Lettres à Mademoiselle Jodin
Lettres à Mademoiselle Jodin, Texte établi par J. Assézat et M. TourneuxGarnierŒuvres complètes de Diderot, XIX (p. 391-392).
VI. 1767  ►


V

À LA MÊME, À VARSOVIE.


Nous sommes toujours également disposés, mademoiselle, à servir madame votre mère, et nous n’avons point changé de sentiments pour vous. Madame votre mère est une bonne créature née pour être la dupe de tous ceux en qui elle se confie, pour se confier au premier venu et pour être toujours étonnée que le premier qui lui vient ne soit pas le plus honnête homme du monde. Nous nous épuisons avec elle en bons conseils qu’elle reçoit avec toute la reconnaissance qu’elle nous devrait peut-être, s’ils lui étaient de quelque utilité ; mais heureusement les contre-temps qui feraient tourner la tête à une autre ne prennent ni sur sa bonne humeur, ni sur sa santé. Elle jouit du plus bel embonpoint, et mourra à cent ans avec toute l’expérience de ce monde qu’elle avait à huit ans ; mais ceux qui la trompent sont toujours plus à plaindre qu’elle.
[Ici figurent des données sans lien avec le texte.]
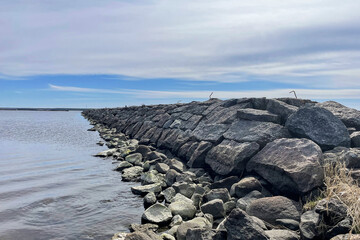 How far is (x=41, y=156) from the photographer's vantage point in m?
17.9

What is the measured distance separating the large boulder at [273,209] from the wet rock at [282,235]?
689 millimetres

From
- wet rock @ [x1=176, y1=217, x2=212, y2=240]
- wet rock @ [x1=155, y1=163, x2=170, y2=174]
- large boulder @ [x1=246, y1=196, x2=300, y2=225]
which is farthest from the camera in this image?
wet rock @ [x1=155, y1=163, x2=170, y2=174]

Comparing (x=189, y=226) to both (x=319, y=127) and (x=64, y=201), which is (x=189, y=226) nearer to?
(x=64, y=201)

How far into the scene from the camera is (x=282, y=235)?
5219 millimetres

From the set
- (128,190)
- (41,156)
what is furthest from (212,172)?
(41,156)

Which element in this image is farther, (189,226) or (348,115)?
(348,115)

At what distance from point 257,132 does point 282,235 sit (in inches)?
167

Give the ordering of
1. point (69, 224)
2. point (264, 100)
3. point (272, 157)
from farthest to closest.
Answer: point (264, 100)
point (272, 157)
point (69, 224)

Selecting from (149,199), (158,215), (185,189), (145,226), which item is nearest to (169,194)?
(185,189)

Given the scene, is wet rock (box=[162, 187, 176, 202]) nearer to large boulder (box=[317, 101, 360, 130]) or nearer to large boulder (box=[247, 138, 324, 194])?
large boulder (box=[247, 138, 324, 194])

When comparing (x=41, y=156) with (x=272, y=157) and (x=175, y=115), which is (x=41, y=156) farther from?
(x=272, y=157)

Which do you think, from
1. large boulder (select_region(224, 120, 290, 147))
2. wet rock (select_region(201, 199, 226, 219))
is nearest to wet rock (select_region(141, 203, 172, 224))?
wet rock (select_region(201, 199, 226, 219))

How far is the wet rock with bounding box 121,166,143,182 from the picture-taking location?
11453 mm

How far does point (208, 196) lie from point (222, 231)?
8.65 ft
Mais vous, est-ce que vous n’apprendrez jamais à bien connaître ceux en qui vous aurez à placer votre confiance ? N’espérez pas trouver des amis parmi les hommes de votre état. Traitez vos compagnes avec honnêteté ; mais ne vous liez avec aucune.

Lorsqu’on réfléchit aux raisons qui ont déterminé un homme à se faire acteur, une femme à se faire actrice, au lieu où le sort les a pris, aux circonstances bizarres qui les ont portés sur la scène, on n’est plus étonné que le talent, les mœurs et la probité soient également rares parmi les comédiens.

Voilà qui est bien décidé ; Mlle  Clairon ne remonte pas. Le public vient d’être un peu dédommagé de sa perte par une jeune fille hideuse de visage, qui est de la laideur la plus amère, dont la voix est sépulcrale, qui grimace, mais qui se laisse de temps en temps si profondément pénétrer de son rôle, qu’elle fait oublier ses défauts et qu’elle entraîne tous les applaudissements.

Comme je fréquente peu, très-peu les spectacles, je ne l’ai point encore vue. Je serais porté à croire qu’elle pourrait bien devoir une partie de son succès à la haine qu’on porte à Mlle  Clairon. C’est moins une justice que l’on rend à l’une qu’une mortification qu’on veut donner à l’autre ; mais tout ceci n’est qu’une conjecture.

Exercez-vous, perfectionnez-vous, il y a quelque apparence qu’à votre retour vous trouverez le public disposé à vous accueillir, et la scène sans aucune rivale que vous ayez à redouter.

Bonjour, mademoiselle, portez-vous bien, et songez que les mœurs, l’honnêteté, l’élévation des sentiments ne se perdent point sans quelque conséquence pour les progrès et la perfection dans tous les genres d’imitation. Il y a bien de la différence entre jouer et sentir. C’est la différence de la courtisane qui séduit, à la femme tendre qui aime, et qui s’enivre elle-même et un autre.

Madame votre mère n’a pas voulu fermer sa lettre sans y enfermer un petit mot de moi, et je ne me suis pas fait presser. Je m’acquitte, par l’intérêt que je prends à vous, de tout ce que je devais à monsieur votre père.